The status quo is that Halifax has the top money-earner; one of the outskirts, usually Dartmouth or Bedford has the second-place service (which sometimes breaks even) and then everyone else struggles to survive. Recently, some industrial parks have overtaken the peninsula business, but let’s not even talk about the sort of cultural offerings the “big box” stores have to offer.
A possible solution in my view is to give the community a heart-to-heart and say — Ok. What is it that Dartmouth does really well? What is the major theme of Dartmouth for which we can build a community on? I think Starr’s Bakery on Portland Street has the right idea. Like Toronto, it has chosen a cultural theme to build its business around, namely that of the Heritage Starr property (and old Skate factory). Today I saw it was selling calendars for the Dartmouth Heritage museum. This is a foundation for a good community theme. Downtown Dartmouth is about remembering old industry. It has the look of something out of A Christmas Carol, so why not? Why not develop community around the theme that Downtown Dartmouth is a Victorian/Georgian Mecca? Why not let Dartmouth handle “Historic Properties” and let Halifax handle the pub-life (like “historic properties already appears to be doing anyway).
Why can’t a place like Bedford be the “Theatre district?” And NorthEnd Halifax be the “home improvement” district.

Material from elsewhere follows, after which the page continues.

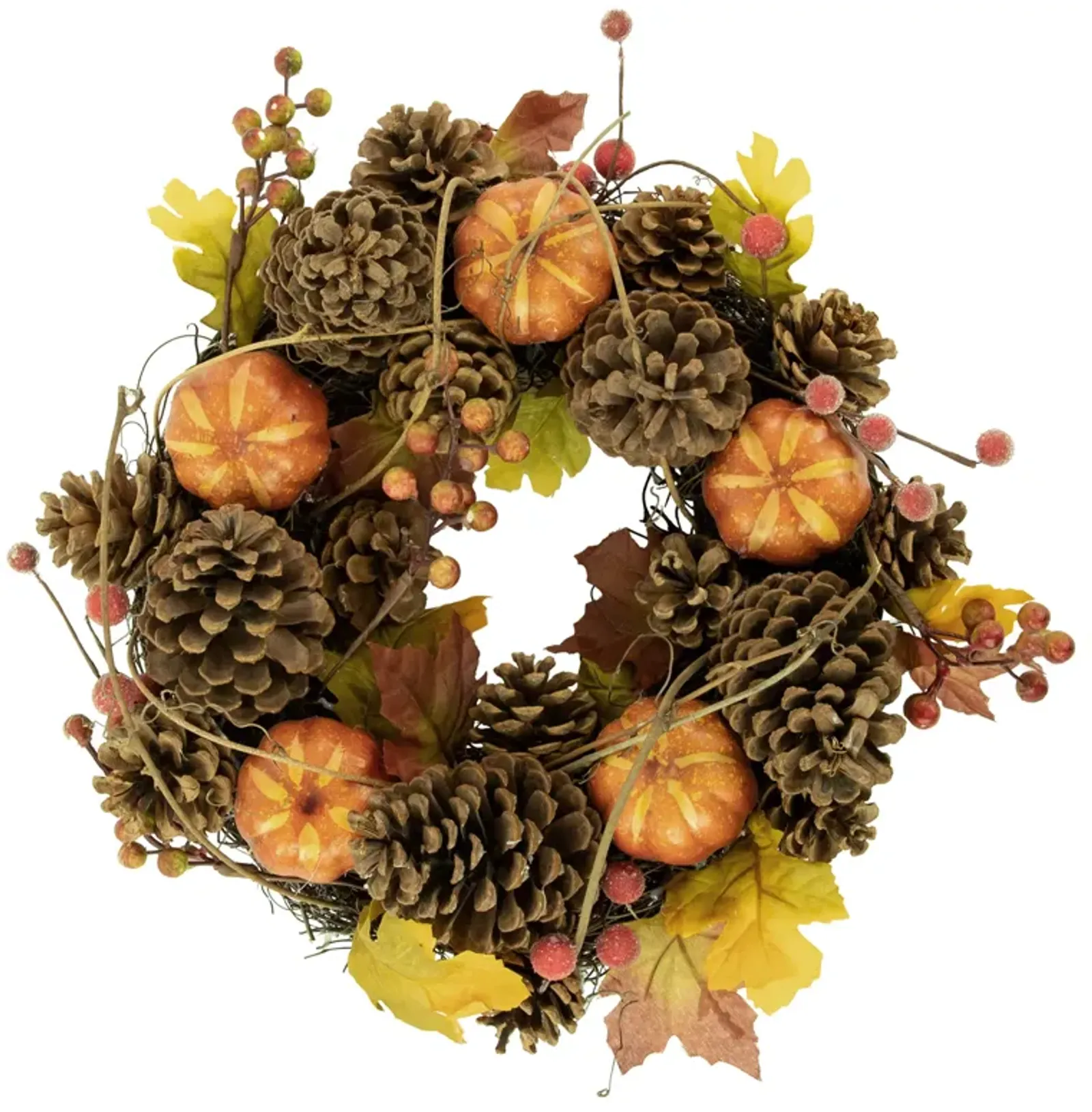 Pinecone and Pumpkin Autumn Harvest Wreath  13.5-Inch  Unlit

But more importantly, Haligonians need to re-think their regional allegiances and give up dreaming about the “good ole days” when Halifax was all small municipalities. No way. Halifax is a growing city and it has to start behaving like one. Part of growing up is finding your special interests and establishing an identity out of what you already know and intend to know in the future. I don’t see why a community needs to be any different.